= Records for processing =
[Start of section]

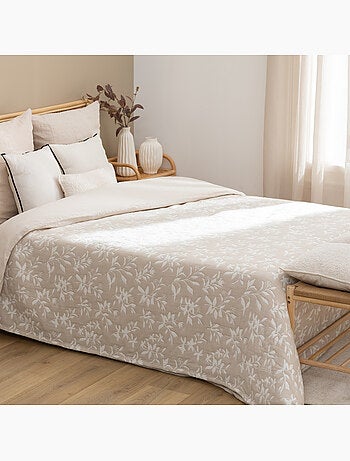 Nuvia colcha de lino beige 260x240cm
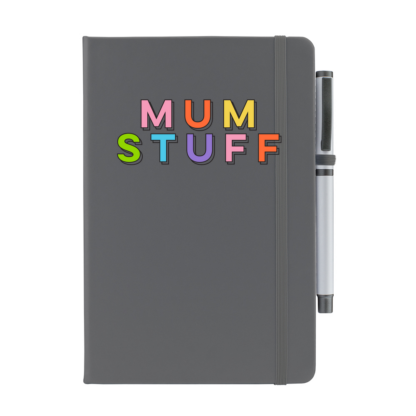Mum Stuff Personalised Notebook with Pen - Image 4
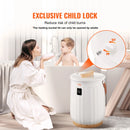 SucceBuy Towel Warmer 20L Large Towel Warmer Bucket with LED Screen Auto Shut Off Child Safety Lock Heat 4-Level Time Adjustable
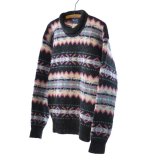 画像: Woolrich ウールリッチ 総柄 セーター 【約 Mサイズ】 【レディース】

[End of section]
[Start of section]

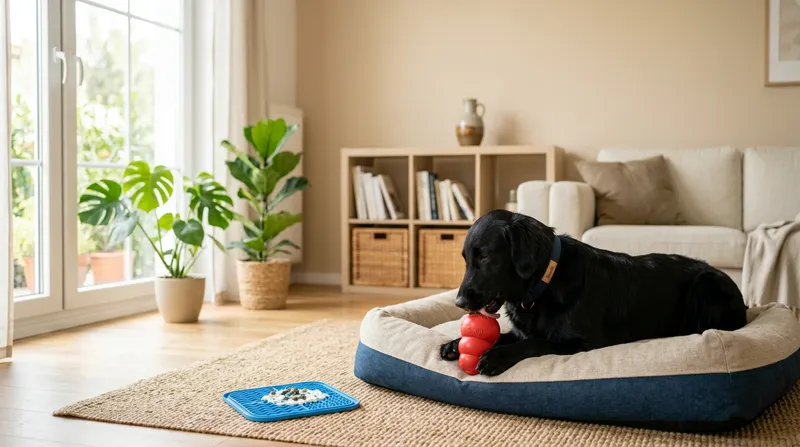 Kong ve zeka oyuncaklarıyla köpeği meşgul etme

[End of section]
[Start of section]

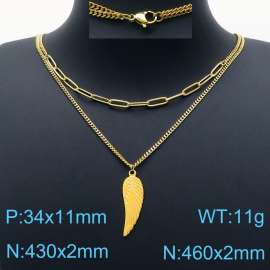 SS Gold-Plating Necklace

[End of section]

= Try it =
Retype, exactly and with no pictures, everything above from the line with "Nuvia colcha de lino beige 260x240cm" down to the line with "画像: Woolrich ウールリッチ 総柄 セーター 【約 Mサイズ】 【レディース】", both included.

= Exercise answer =
 Nuvia colcha de lino beige 260x240cm
Mum Stuff Personalised Notebook with Pen - Image 4
 SucceBuy Towel Warmer 20L Large Towel Warmer Bucket with LED Screen Auto Shut Off Child Safety Lock Heat 4-Level Time Adjustable
 画像: Woolrich ウールリッチ 総柄 セーター 【約 Mサイズ】 【レディース】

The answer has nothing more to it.